Naoto Fukasawa was born in 1956 in Yamanashi, Japan. He graduated from the Department of Product Design at Tama Art University in Tokyo (where he is currently visiting professor) in 1980. That same year, he became head of development at Seiko Epson. In 1989, he moved to Silicon Valley, where he joined ID Two (now IDEO San Francisco), before returning to Tokyo in 1996, when he founded and directed IDEO. In 2003, he established NAOTO FUKASAWA DESIGN, engaging in numerous collaborations with leading companies and international brands on projects ranging from precision electronic equipment to furniture, interiors and architecture.

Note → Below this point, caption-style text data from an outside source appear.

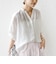 【実力派ベーシック】〈手洗い可能〉IMPERIAL LINEN 混 バンドカラー スキッパー シャツ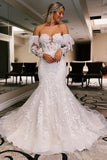 White Floral Lace Sweetheart Mermaid Wedding Dress with Detachable Sleeves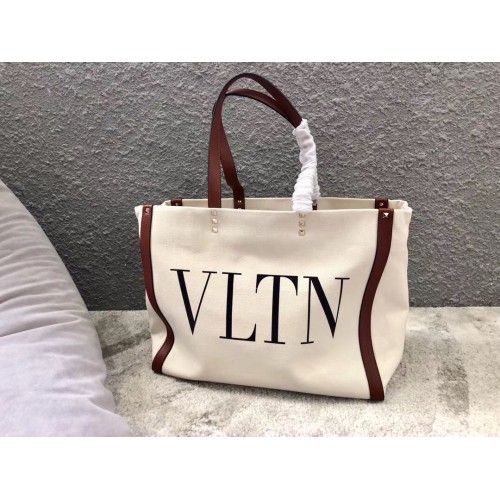 Geantă de cumpărături din pânză VALENTINO Rockstud V0978 Alb și vin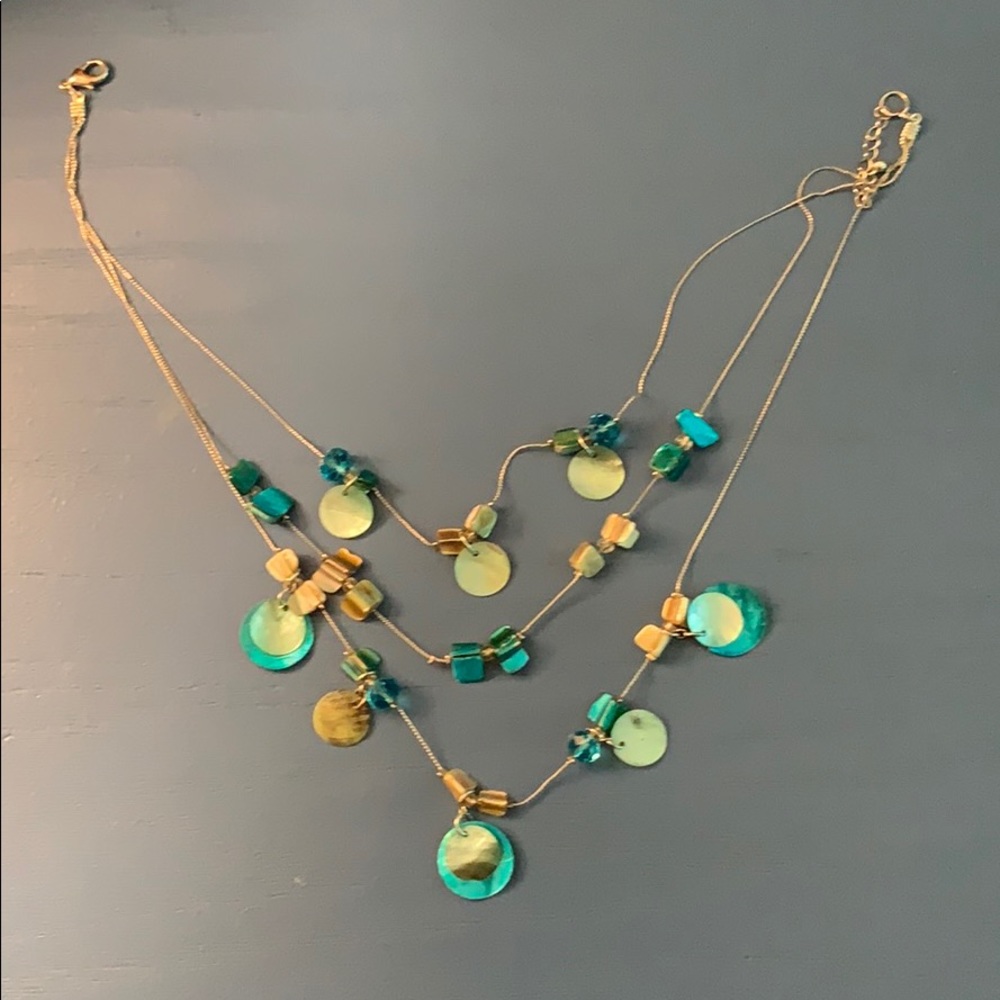 3 strand shell & stone turquoise silver necklace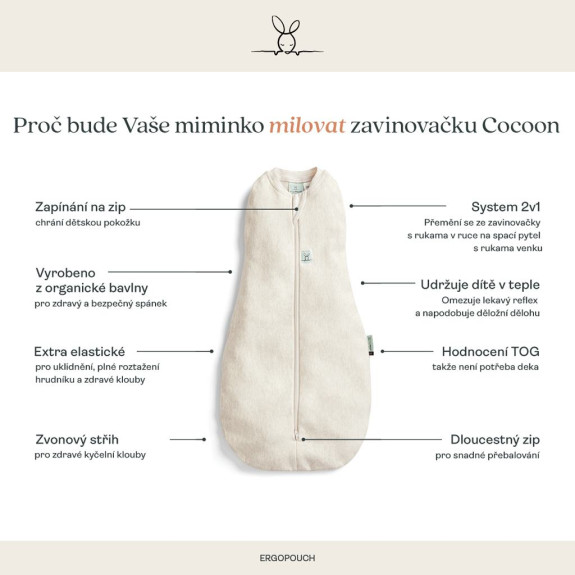 Zavinovačka a vrece na spanie 2 v 1 Cocoon Lullaby 1,0 tog Ergopouch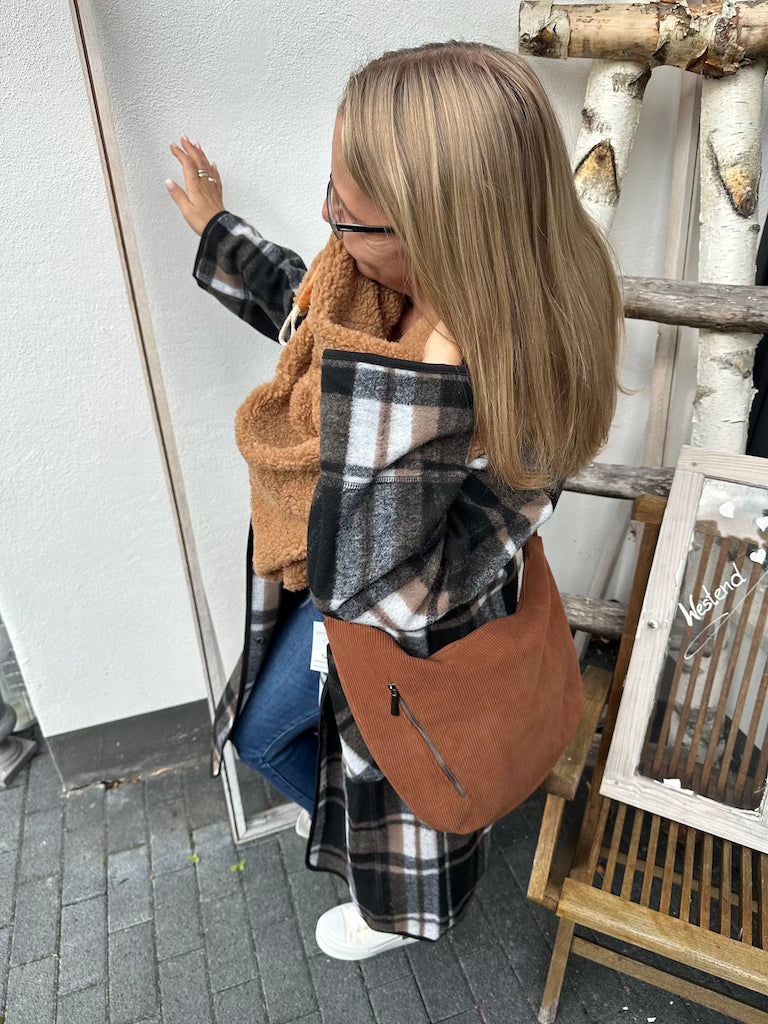 Dreieck Teddy-Schal mit Knopf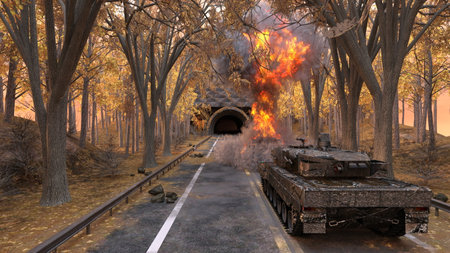 3DCG images of a tankの写真素材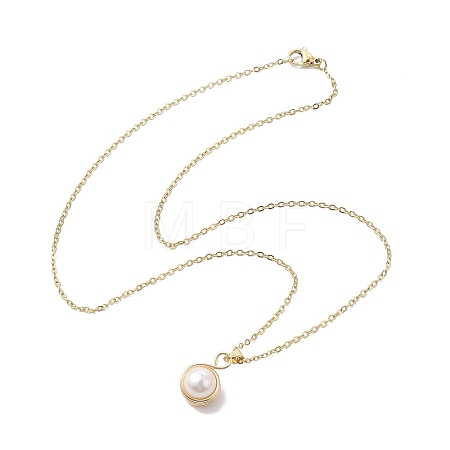 Natural Cultured Freshwater Pearl Pendant Necklaces NJEW-JN04685-1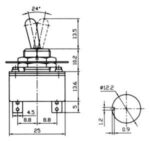 Διακόπτης Μοχλού Toggle OFF-ON 4P SPST 2A/250VAC Φ12mm OWI KN3-2 - Image 2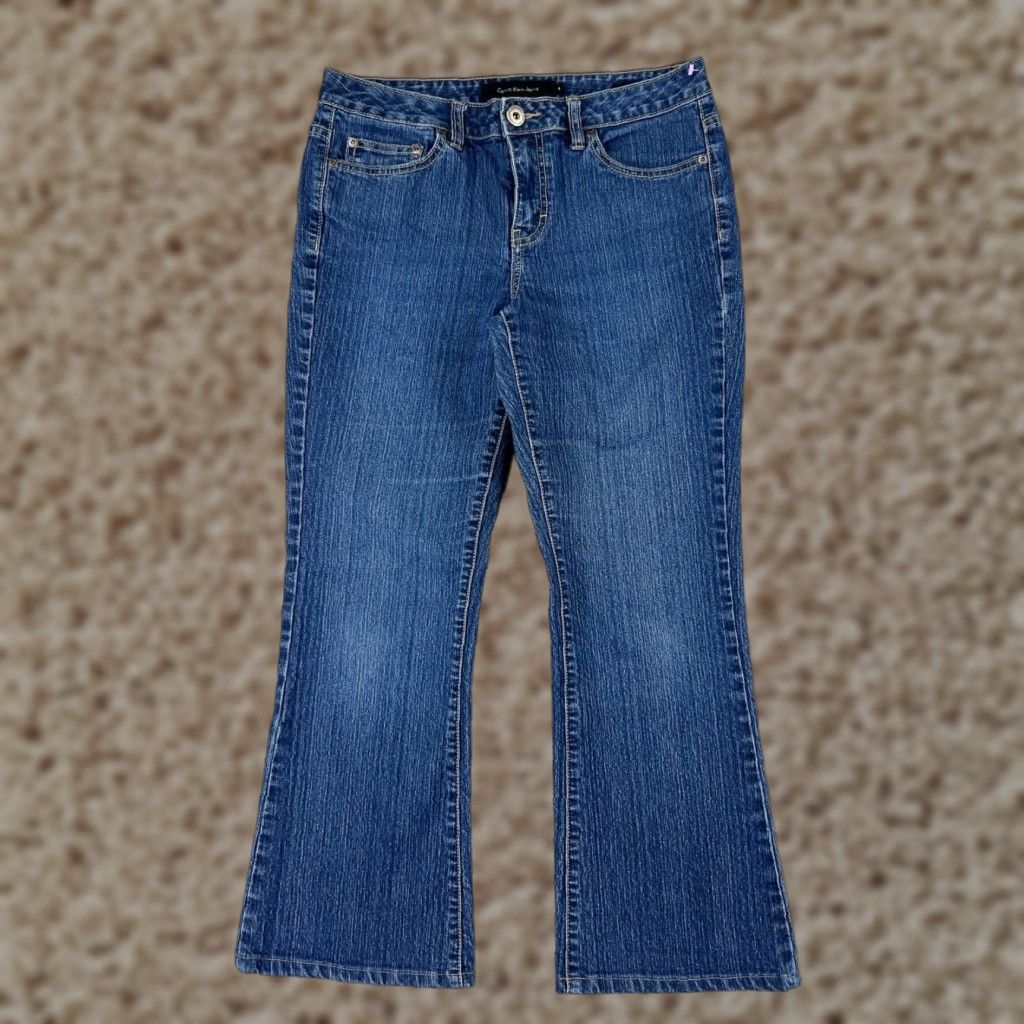 Calvin Klein Calvin Klein Women's Flared Jeans 8 Medium Wash Denim Cotton Zipper Distressed 27x31 Made in Bangladesh Size 30" / US 8 / IT 44 - 1 Thumbnail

In the design sector, he has collaborated with the world's most prestigious names. He designed the Demetra family of adjustable table, floor, and wall lamps for Artemide and created numerous objects for Alessi, including the Itsumo cutlery line and the Nomu and Cha series of thermos flasks, kettles and teapots. For B&B Italia, he produced the Papilio, Bull and Harbor furniture lines consisting of beds, tables and armchairs. His work with Boffi resulted in the Sabbia and Lotus family of washbasins and monobloc bathtubs. His fruitful collaboration with Danese Milano gave light to Itka lamps in etched opaline glass and the Bincan collection of furnishing accessories. He designed the Substance chair collection for Magis, and the So armchair and the Tsuki lamp for De Padova. He created the Thonet 130 collection of chairs, a classic design inspired by the legendary Thonet chair. Fukasawa is on the Muji design advisory board; he designed the award-winning wall-mounted CD player for the brand.
Fukasawa has received numerous awards during his career. Many of his works are now in such museums as MoMa in New York, the Victoria and Albert Museum in London and the Designmuseum Danmark. In 2007, the UK Royal Society of Arts awarded him the title of Honorable Royal Designer for Industry. That same year, he won the EDIDAs and was named Designer of Year. In 2017, he became a jury member of the Loewe Craft Award. With Jasper Morrison, he curated the exhibition Supernormal. Sensations of the Ordinary, first shown in Tokyo and London in 2006 and Milan in 2007. He was chairman of the Good Design Award from 2010 to 2014. In 2012, he was a member of the jury for the Braun Prize; that same year, he became curator of the Japan Folk Crafts Museum in Tokyo. He was awarded the Isamu Noguchi Prize in 2018. With photographer Tamotsu Fujii, Fukasawa published the volume The Outline – The Unseen Outline of Things. He also published two important monographs, Naoto Fukasawa (2007) and Naoto Fukasawa Embodiment (2018), with Phaidon Press.